第八話 僕のすべて(残酷描写あり)

 受付を済ませ、僕達は病院の神経内科への廊下を歩いて行く。

 マットを一歩一歩踏みしめながら、僕はどこかから流れてくるバイオリンの音を聞き取る。曲名は分からない。廊下には名前の知らない絵画が飾られ、明るいオレンジ色の光が白い天井から放たれている。
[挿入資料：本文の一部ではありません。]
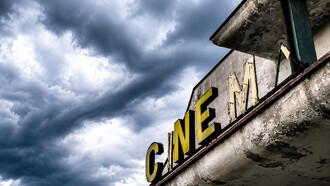 Abandoned movie theater standing silent beneath a stormy sky, evoking nostalgia, decay, and the fading echoes of a once-vibrant past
 歩いていると、優は僕の裾を引っ張った。振り返ると、優は少し恥ずかしそうに、

「あ、トイレ行ってもいい?」

 と隣にあるトイレの入り口を指さした。同時に、黒いパーカーを着た、トイレに入っていく男の背中が一瞬だけ見えた。なんとなく優の力が弱々しく思えた。昨日の優のことを想うと、それは当然のことのように思えた。

「いいよ」

 僕はそう言う。優はトイレへと入っていく。さすがに中にまでついていくわけにはいかない。僕は木製の壁に寄りかかり、ショルダーバッグからスマホを取り出して眺めた。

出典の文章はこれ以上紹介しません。